The Obama administration claimed that the language permitting the committee to consider tax increases constituted “fairness” and “shared sacrifice,” but this is a flat-out lie. Even if the committee could recommend the type of tax increases Obama has suggested, closing minor loopholes for corporate jets, hedge funds and oil companies, this would be dwarfed by the scale of the social spending cuts.

In actuality, however, there is technical language in the agreement that effectively prevents the committee from proposing a tax increase, insuring that the entire deficit reduction to be proposed by that panel will come from spending cuts.

Enforcement mechanism: In the event that the bipartisan committee fails to agree on deficit reduction legislation, or the legislation falls short of $1.2 trillion over ten years, automatic spending reductions would be triggered to begin in 2013, divided evenly between domestic social programs and military/security programs, but excluding Social Security and Medicaid and other programs for low income families and individuals.

Medicare could be cut by up to 2 percent across-the-board as part of the automatic reductions, with the cuts limited to reimbursement to providers, rather than directly affecting benefits. This would have a huge indirect effect on Medicare recipients, however, since hospitals, doctors and other providers will begin refusing Medicare patients, just as now happens to millions of Medicaid recipients because of low reimbursement rates.

A critical element of the deal, largely covered up in the media coverage and the statements of Democratic and Republican politicians, is the timing of the cuts, which are heavily back-loaded.

While the total cuts over a ten-year period will be as high as $2.8 trillion, the actual spending cut for fiscal year 2012, which begins October 1, is $7 billion, while only another $3 billion in spending will be cut during fiscal year 2013. This means that less than one-half of one percent of the total cuts will take place during the next two years.

The White House fact sheet claims that the purpose of phasing in nearly all the cuts after fiscal year 2013, which ends on September 30, 2013, is to “avoid harming the recovery” that the Obama administration claims is under way in the US economy.

The White House also claimed that enforcement mechanism to be triggered in the event that Congress fails to enact sufficient cuts “would not be made effective until 2013, avoiding any immediate contraction that could harm the recovery.”

A major reason for the delayed introduction of the cuts and the enforcement mechanism is to disguise their impact before the 2012 election, allowing the Democrats to campaign as purported opponents of budget cuts they have already endorsed.

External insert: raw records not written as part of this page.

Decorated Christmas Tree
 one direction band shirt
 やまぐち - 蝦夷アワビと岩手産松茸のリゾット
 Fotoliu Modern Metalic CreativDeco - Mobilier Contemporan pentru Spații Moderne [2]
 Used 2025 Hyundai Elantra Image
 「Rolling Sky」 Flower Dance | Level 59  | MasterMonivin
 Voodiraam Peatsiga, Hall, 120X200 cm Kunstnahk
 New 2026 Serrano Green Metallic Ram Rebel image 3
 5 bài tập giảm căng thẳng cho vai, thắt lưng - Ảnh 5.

More fundamentally, changes of such a vast magnitude as those envisioned in the deficit reduction deal require administrative and political preparation. The cuts will escalate exponentially during the balance of the ten-year period.

Much of the White House document consists of open boasting about the degree of austerity that the Obama administration is imposing. For example, the statement declares that the nearly $1 trillion cut in discretionary spending “will put us on track to reduce non-defense discretionary spending to its lowest level since Dwight Eisenhower was President.”

The America of the 1950s was, however, a very different country: before the introduction of Medicare and Medicaid, federal aid to education, and many other social programs on which tens of millions now rely, before the Environmental Protection Agency and many other agencies that support the US infrastructure.